Consider the Roman Republic before the Punic Wars. Romans did not yet recline at banquets, they did not use the gladius, they did not carry the eagle with the golden standard into battle, SPQR was not inscribed anywhere, they did not eat leavened bread, they did not embellish squares and gardens with statues, they did not cover public buildings in marble, they did not construct with concrete, they did not use sundials and coins, and at one point, the commanding magistrates were not even consuls. Simply put, everything that distinguishes ancient Rome in our imagination did not yet exist.
It is not impossible to set a story in pre-classical Greece or the early Roman Republic, but writers likely end up inserting many aspects that only appear centuries later.
Early Middle Ages
Also known as the “Dark Ages” due to the scarcity of written sources.
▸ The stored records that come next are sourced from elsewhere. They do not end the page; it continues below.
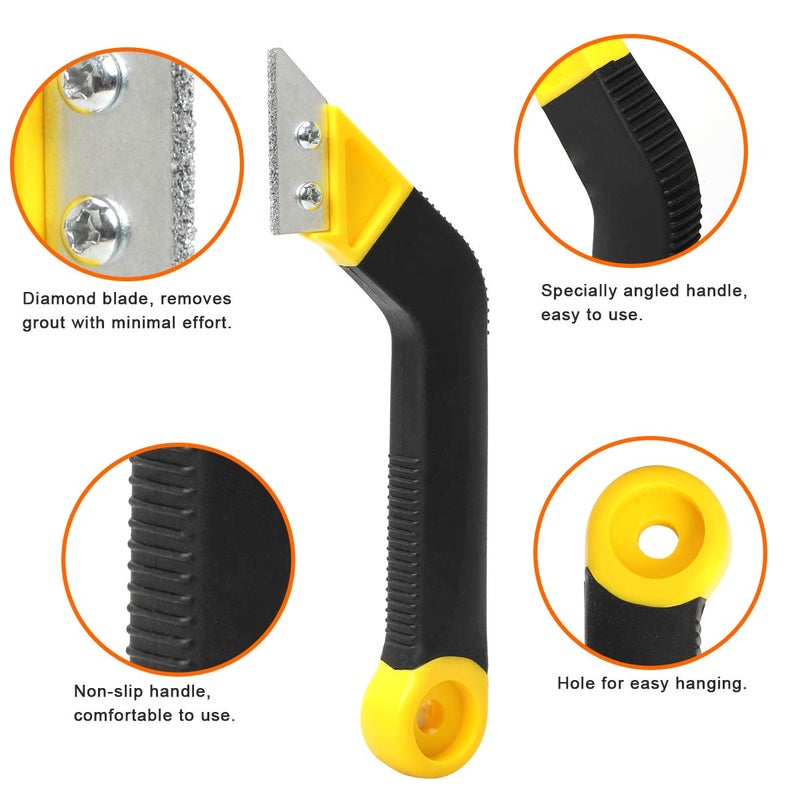 Coitak Tile Grout Saw Angled Grout Saw with 3 Pieces Extra Blades Replacement, Grout Removal Tool for Tile Cleaning - Image 3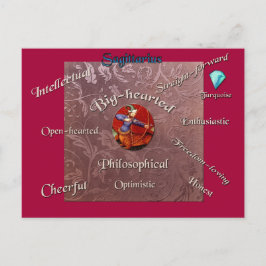 Tarjeta del zodiaco de las características del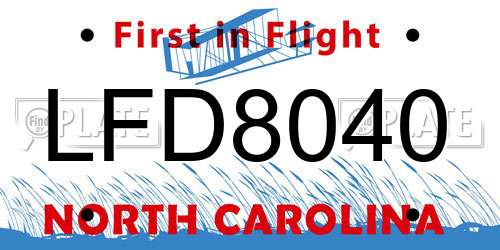 LFD8040 North Carolina License Plate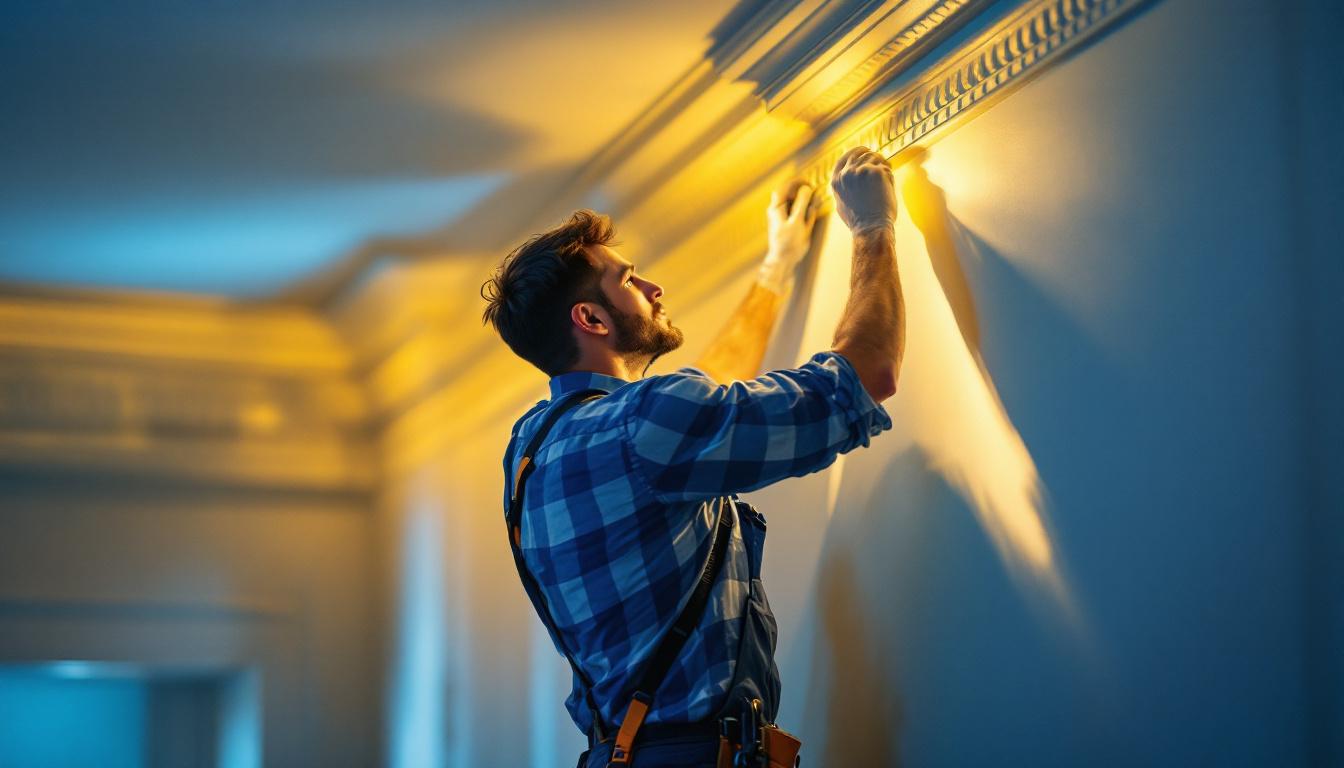 A photograph of a skilled lighting contractor expertly installing or adjusting 5-inch trim lighting in a beautifully designed interior space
The barbarians who settled in the territories of the former Western Roman Empire did not write, and they do not help us understand them better.
Moreover, this is a period of deep transformations that cannot be reduced to simplistic definitions, such as barbarians annihilating classicism or, conversely, barbarians saving the world from the corrupted and hopeless empire (interpretation varies depending on the ideology of the writer). It is an era that has been one of the most manipulated ever by propaganda, as many European countries have identified these centuries as the starting point of their national history. One must be cautious when writing about the Early Middle Ages, and to do so, it wouldn’t hurt to have a degree in history.
What? Isn’t Nazism one of the most well-documented and extensively studied periods in the whole of human history? True, but the risk here is different: falling into clichés. This setting likely produces a story with familiar plots and events. How many times have we already seen France occupied by the Nazis and the conflicted relationship that arises between invaders and the local population? This doesn’t mean that beautiful stories can’t arise from such premises; yet, precisely because books like “Suite française” have already been written, the risk is to replicate well-worn patterns that don’t add anything to the plot. In fact, they end up damaging it.
If, on the other hand, you wanted to explore unknown paths and discuss, for example, the German Einsatzgruppen active in Eastern Europe and the events that led to the organization of the Jewish extermination, it would be difficult to be accurate due to the long research these topics require. Furthermore, this is extremely delicate terrain because there’s always the danger of empathizing too much with the perpetrators, attempting to rationalize what cannot be rationalized, or providing simplistic explanations for something even professional historians struggle with.
There aren’t so many good books about writing historical novels. Yet, “Medieval Underpants and Other Blunders: A Writer’s (& Editor’s) Guide to Keeping Historical Fiction Free of Common Anachronisms, Errors, & Myths” (2015) is very useful to understand the difficulties that writers face doing historical research. I highly recommend it – to have a glimpse in the writing process and have a laugh too.
What do you think? For you too these are the most challenging time periods to set a historical novel in?